Perhaps something like:

  $ VERB $base_URI [options]
with options for:

  - appending URI local part elements
  - adding query parameters
  - adding headers
  - specifying where to write response headers
  - specifying where to write response body
     - if a file, maybe set [some] response headers
       as xattrs!
  - specifying request body source (default: stdin
    for VERBs that normally have a request body)
  - trust anchors
  - authentication
Examples:

  $ # GET with various options:
  $ GET https://base-URI-here \
      -a local-part-element   \
      -q param value -q ...   \
      -H header value ...
  $ 
  $ # POST with file as request body source
  $ POST https://base-URI-here \
      --file file
  $ # POST with HTML form specified on command-line
  $ POST https://base-URI-here \
      --form field value --form field value ...
  $ 
  $ # And so on for all HTTP methods
Besides the options shown above, which are fairly obvious, it'd be nice to have:

  --rheaders PATH      # where to put headers
  --xheader header     # save given response header
                       # value as an xattr
  -T trust_anchors.pem # or a directory, or whatever
  -C client_cert_and_key.pem
  -U username          # for Basic, DIGEST, SCRAM
  --password-file FILE # for Basic, DIGEST, SCRAM
  -N ...               # For Negotiate.  This could
                       # be key/value pairs that can
                       # be used with
                       # gss_acquire_cred_from()
  -J ...               # Get a JWT token and use it
A convention for using xattrs for storing Content-Type and ETag (and a few other things perhaps) would be very very nice.


You could probably just put the requests library from python behind a quick and dirty cli...


This seems great and very usable.
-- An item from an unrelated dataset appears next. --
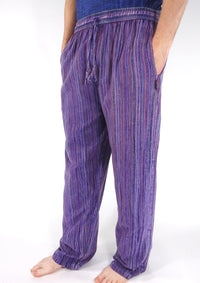 Stonewashed Stripe Trousers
I'd add that I'd make VERB optional, and default to GET so we could finally return the old:

    wget http://something.com


I have a massive platonic crush on Julia Evans. This post is yet another reason. So good!


I always recommend her blog as part of the answer to:

"I want to lean to program" or "I want to become a better programmer"

Her blog still has that pure joy of learning and doing with computers that we all remember.


I know you mean well, but this is a gendered comment that doesn't really add to the conversation of how great the OP link is.

Consider how you might write your comment if the sex of the OP was male - would you make the same statement?


wat

You may have missed the key word there: "platonic".

Consider how you might be hurting your cause and lowering the quality of discourse here by being overly sensitive and self-righteous; if you knew the lengths to which I've gone in support and defense of my gay and trans-gendered cousins, would you refrain from polluting the thread w/ knee-jerk PC Politburo bs?


I'm not sure why you and the sibling comment reference gay men - I'm thinking of a female-identifying person needing to respond to 'platonic crushes' when a male might instead see 'I want to buy you a beer', or simply hear that his blog is inspiring.


I would. Then again, I’m gay.


*No, not bicep curls.


Can you measure when the user is doing a bicep curl with some kind of electrode? If you can, then maybe you could use that to send binary data using libcurl. True curl exercises in both senses.



I think the name is, technically, cURL. I love cURL and use it all the time. We send our customers cURL one-liner examples of how to test our authentication service which requires POST requests, and it just makes their lives and our lives that much simpler. They can test their stuff very quickly and easily, then ultimately it gets folded into their own services, all debugged and ready to go.


It is, but many people refer to it as how they’d invoke it.


   % which curl
   /usr/bin/curl
   % which cURL
   cURL not found


The software package has a name and the command line tool (executable) has a name. They are not the same.

https://curl.haxx.se/docs/faq.html#What_is_cURL


The title (not the original article) and some of the comments were calling it "Curl", also not found.